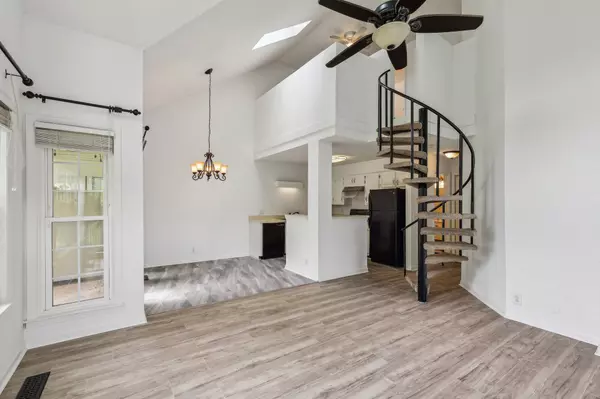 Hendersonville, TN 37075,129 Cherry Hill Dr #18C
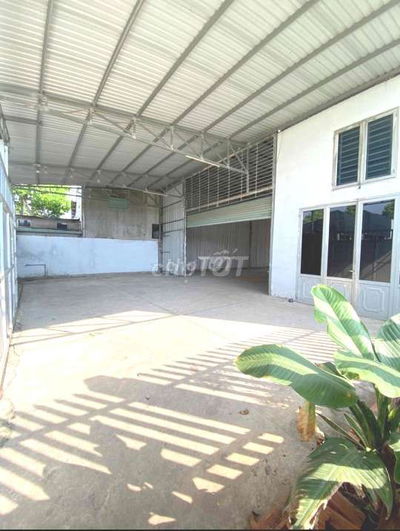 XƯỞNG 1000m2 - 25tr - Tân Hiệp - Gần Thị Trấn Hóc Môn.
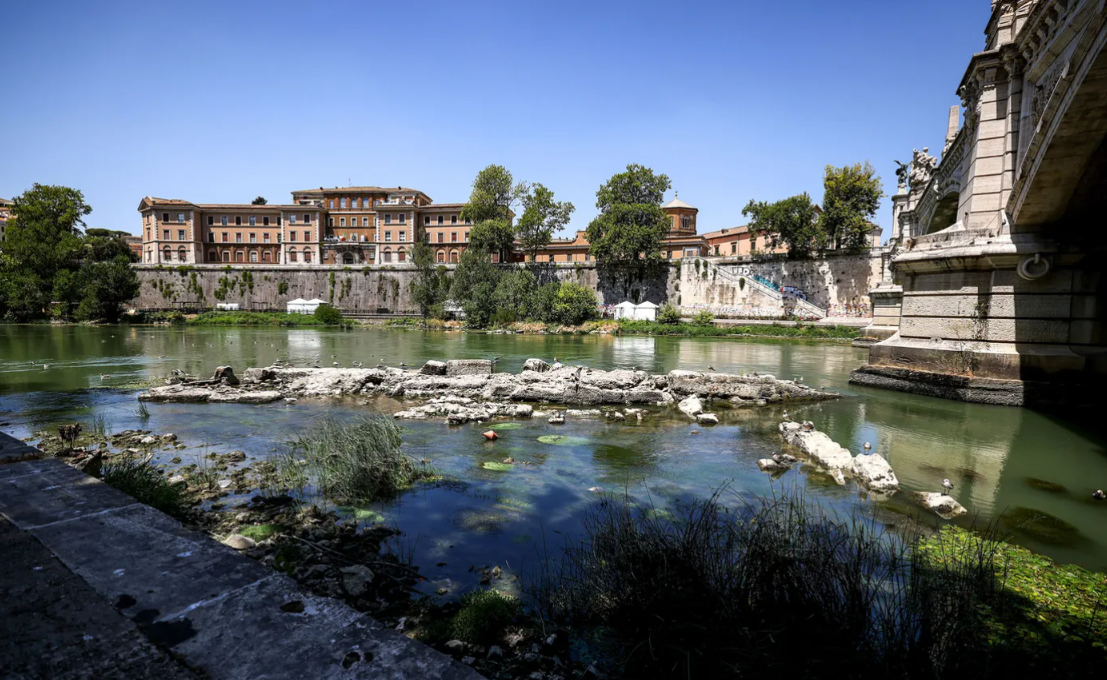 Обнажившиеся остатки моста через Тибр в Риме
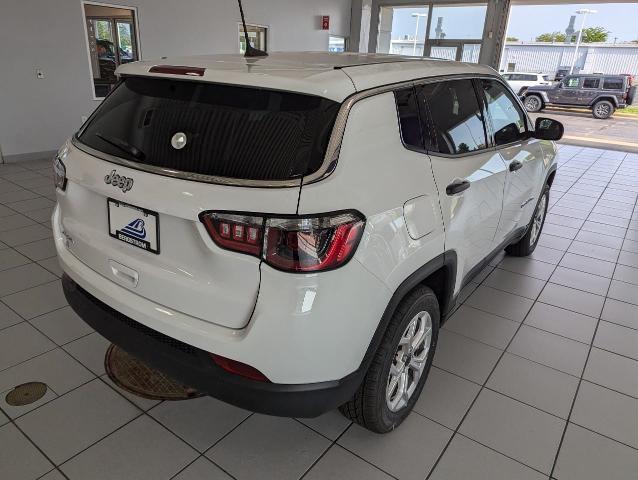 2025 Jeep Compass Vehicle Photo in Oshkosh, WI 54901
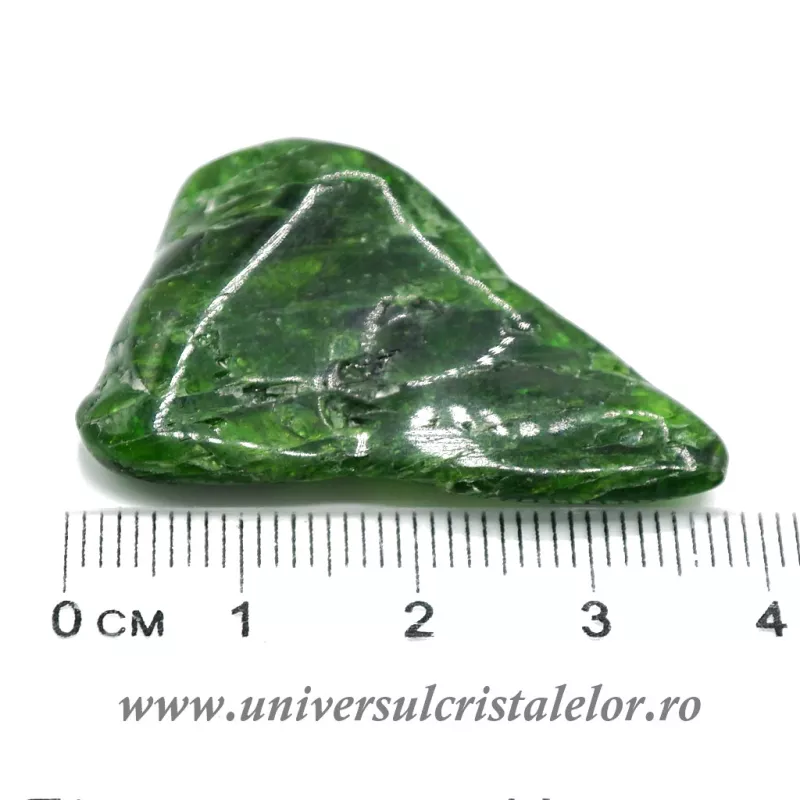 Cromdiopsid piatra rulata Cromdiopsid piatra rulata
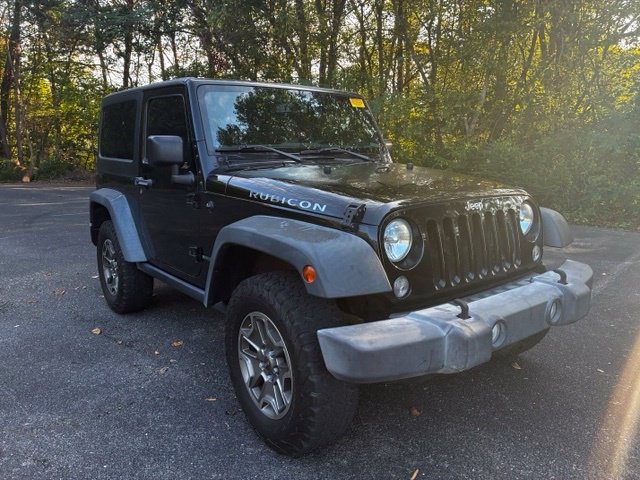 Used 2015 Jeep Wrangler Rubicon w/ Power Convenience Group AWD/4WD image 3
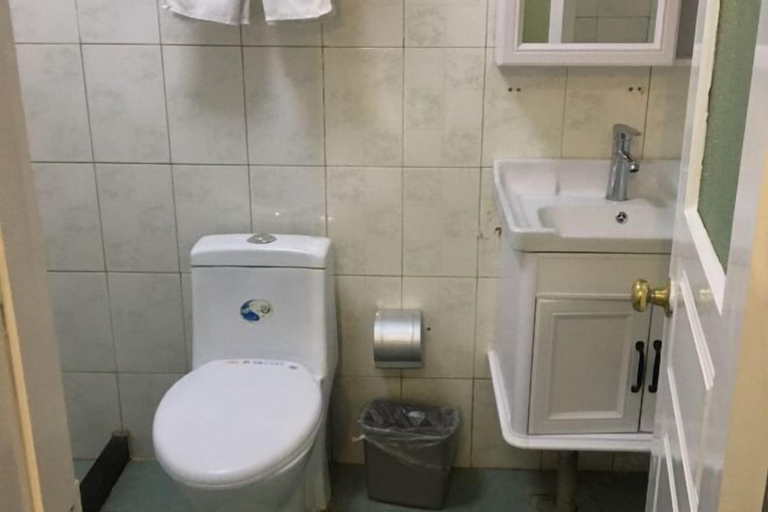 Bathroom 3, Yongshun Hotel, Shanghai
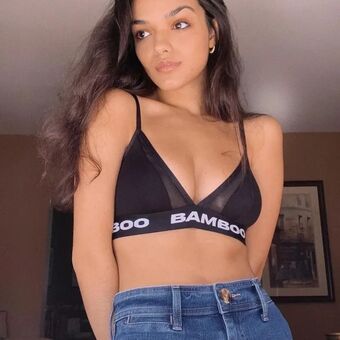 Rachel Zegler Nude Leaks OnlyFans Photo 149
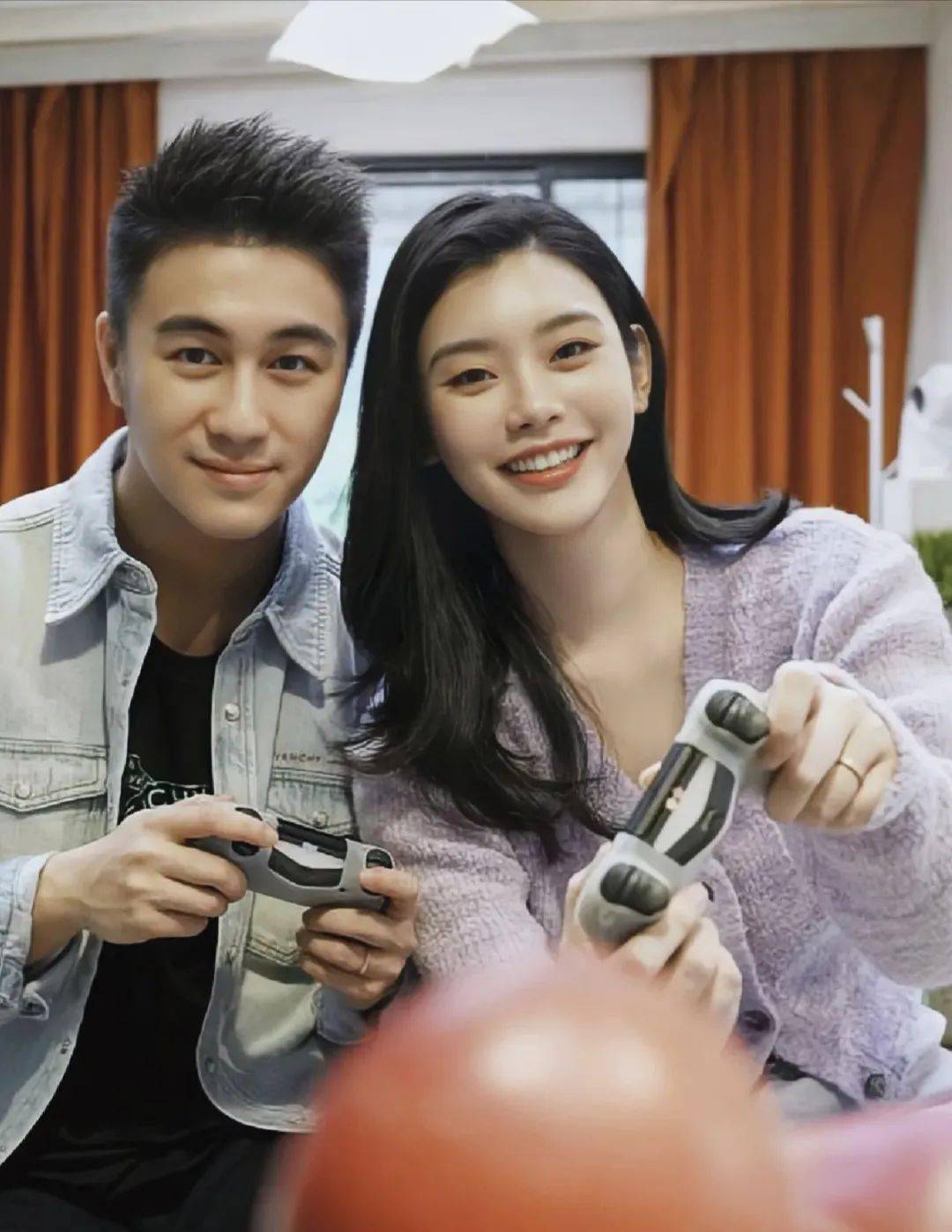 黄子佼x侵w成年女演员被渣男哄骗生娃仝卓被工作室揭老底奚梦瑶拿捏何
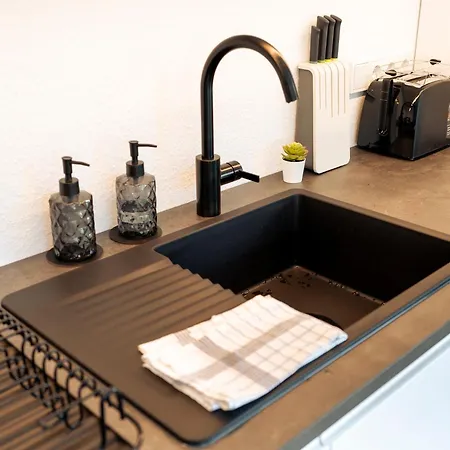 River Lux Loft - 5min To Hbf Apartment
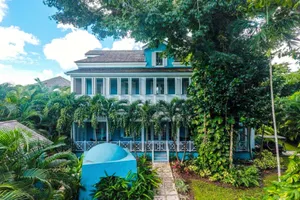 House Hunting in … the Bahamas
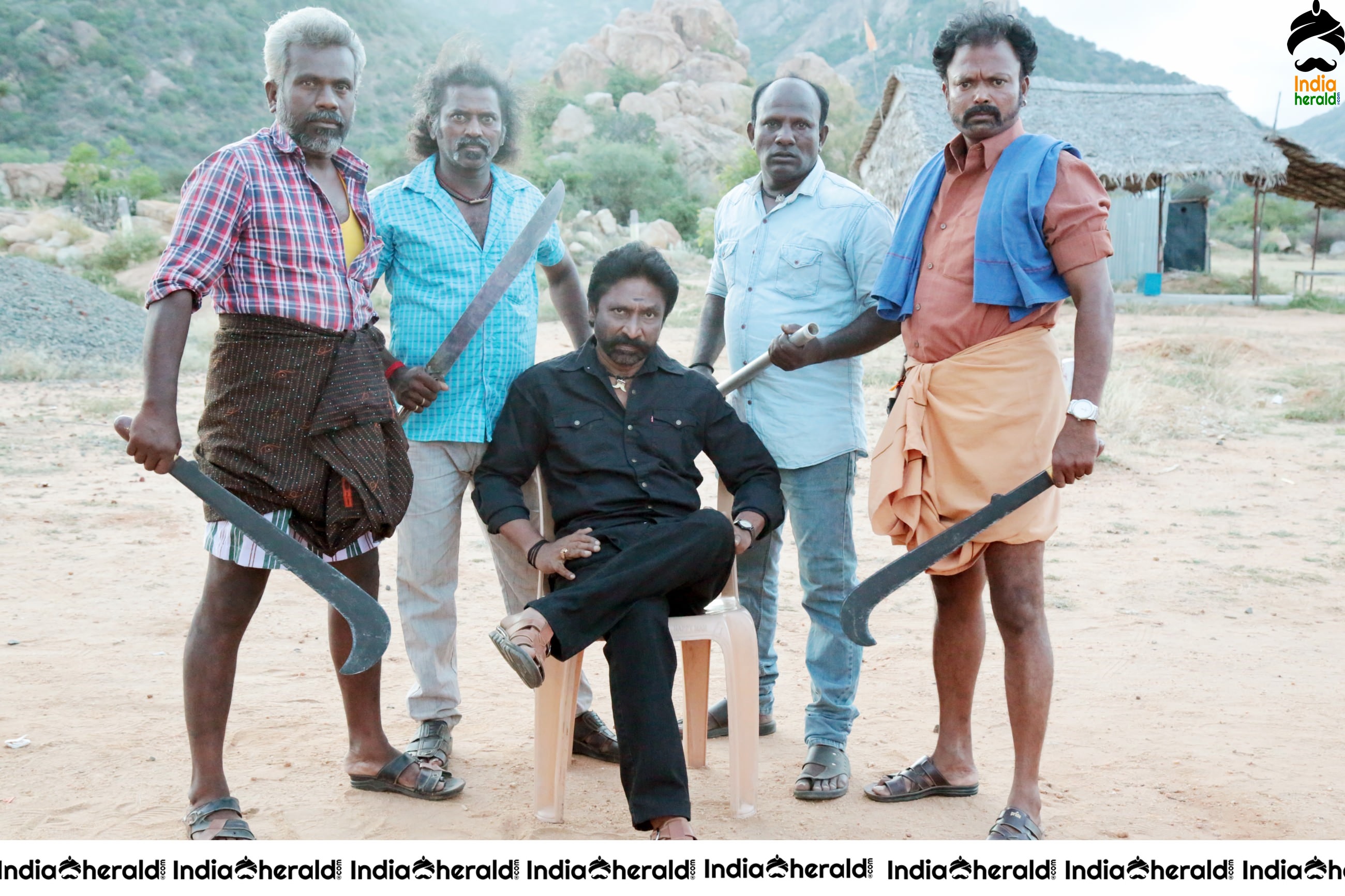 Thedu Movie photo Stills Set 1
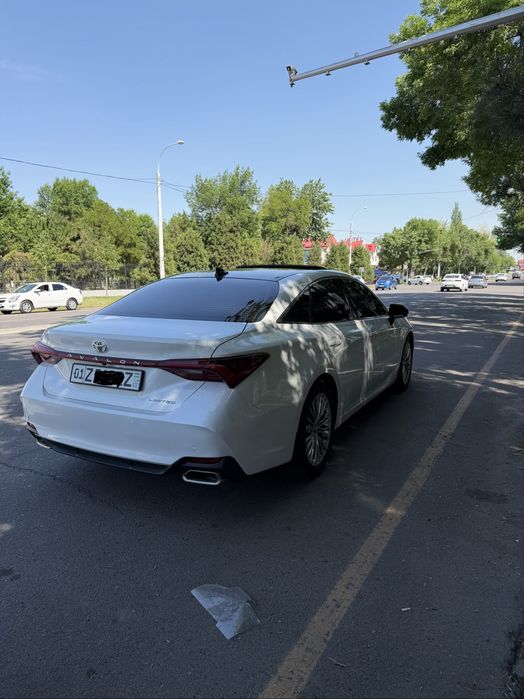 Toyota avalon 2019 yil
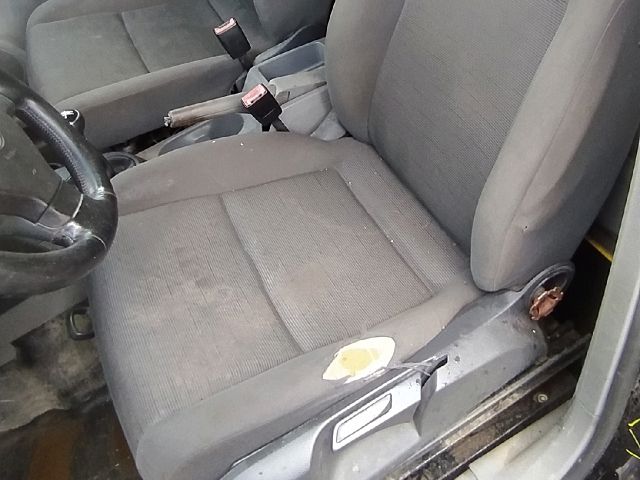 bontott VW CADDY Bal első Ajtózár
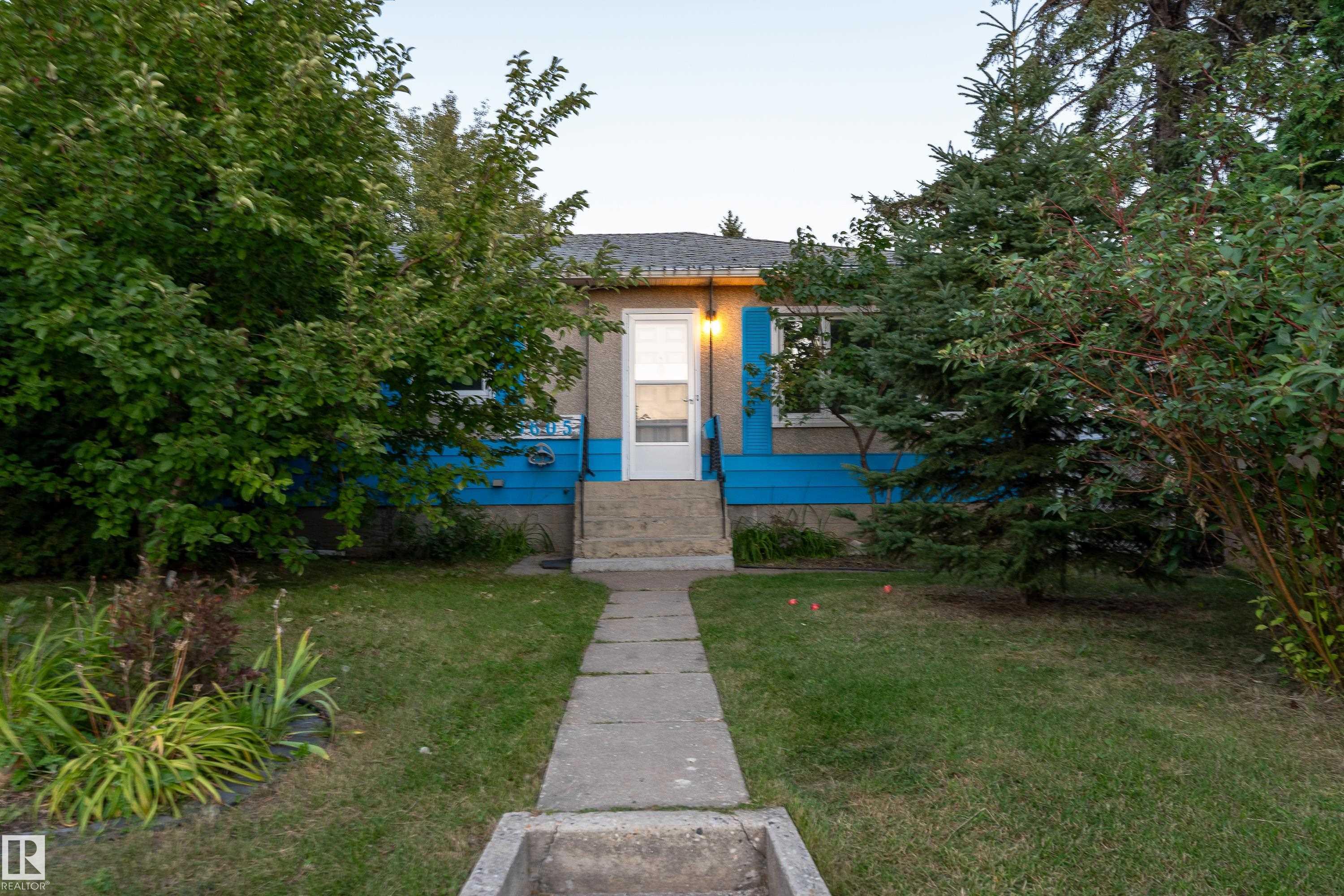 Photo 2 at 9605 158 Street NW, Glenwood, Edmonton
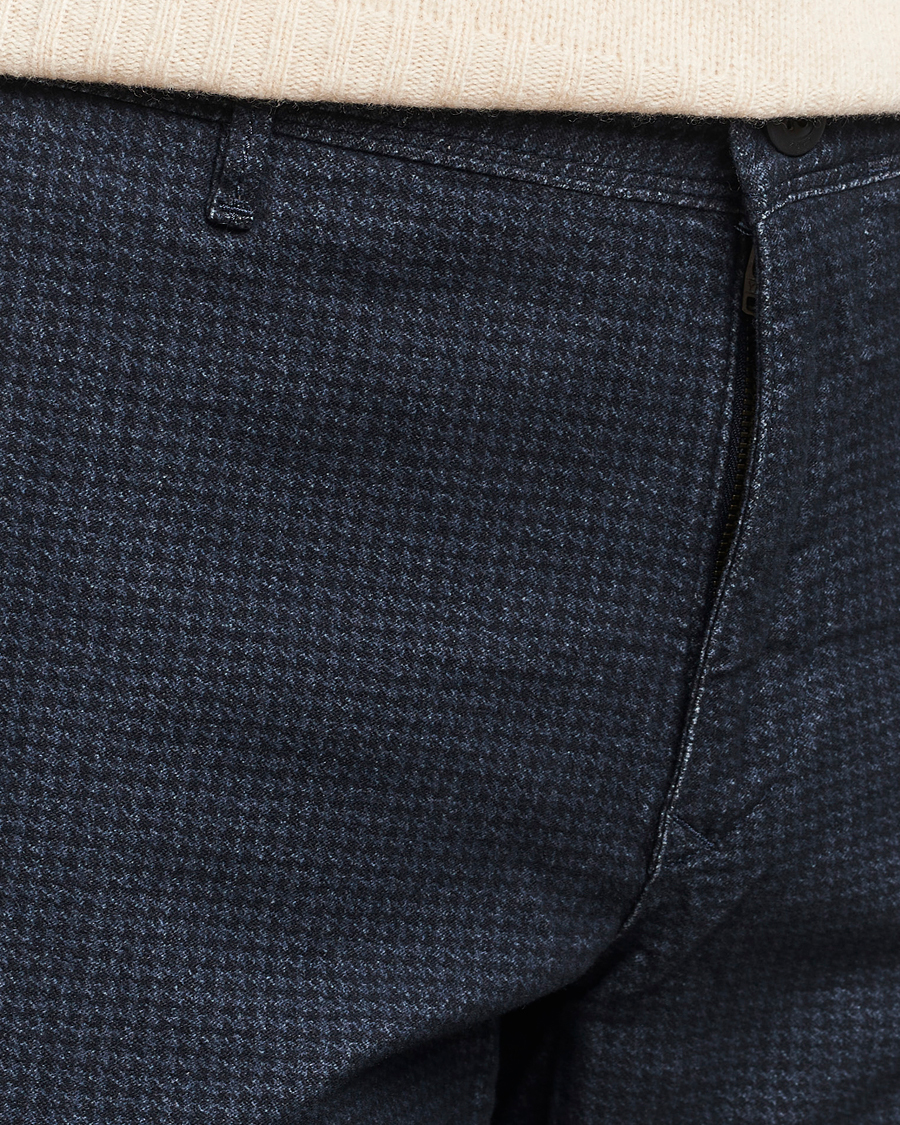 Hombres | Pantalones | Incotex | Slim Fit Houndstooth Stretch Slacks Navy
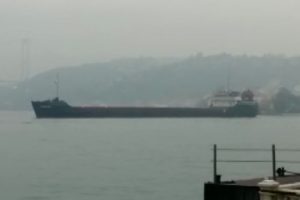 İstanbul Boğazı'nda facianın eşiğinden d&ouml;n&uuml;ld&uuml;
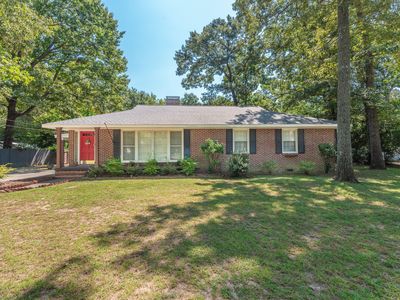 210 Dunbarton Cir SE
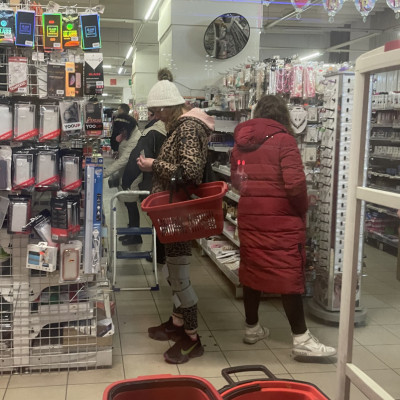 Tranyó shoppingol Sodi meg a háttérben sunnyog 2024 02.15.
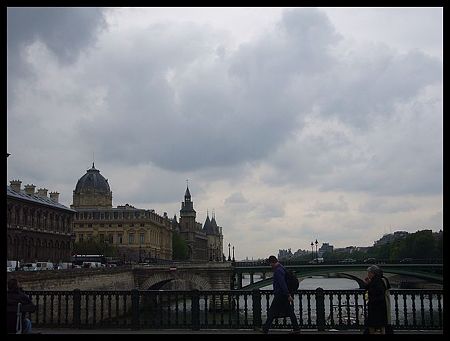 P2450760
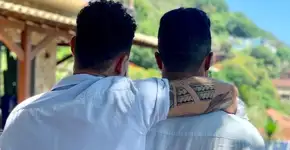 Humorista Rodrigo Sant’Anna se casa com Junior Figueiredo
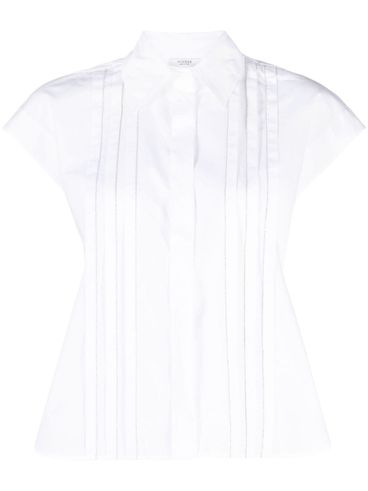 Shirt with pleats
* * * * * * *
**WHAT YOU SHOULD DO**
Copy exactly, with no pictures, the lines from the line containing "2025 Jeep Compass" through the last line of the records above.

**FINISHED TASK**
 2025 Jeep Compass Vehicle Photo in Oshkosh, WI 54901
 Cromdiopsid piatra rulata Cromdiopsid piatra rulata
 Used 2015 Jeep Wrangler Rubicon w/ Power Convenience Group AWD/4WD image 3
 Bathroom 3, Yongshun Hotel, Shanghai
 Rachel Zegler Nude Leaks OnlyFans Photo 149
 黄子佼x侵w成年女演员被渣男哄骗生娃仝卓被工作室揭老底奚梦瑶拿捏何
 River Lux Loft - 5min To Hbf Apartment
 House Hunting in … the Bahamas
 Thedu Movie photo Stills Set 1
 Toyota avalon 2019 yil
 bontott VW CADDY Bal első Ajtózár
 Photo 2 at 9605 158 Street NW, Glenwood, Edmonton
 Hombres | Pantalones | Incotex | Slim Fit Houndstooth Stretch Slacks Navy
 İstanbul Boğazı'nda facianın eşiğinden d&ouml;n&uuml;ld&uuml;
 210 Dunbarton Cir SE
 Tranyó shoppingol Sodi meg a háttérben sunnyog 2024 02.15.
 P2450760
 Humorista Rodrigo Sant’Anna se casa com Junior Figueiredo
 Shirt with pleats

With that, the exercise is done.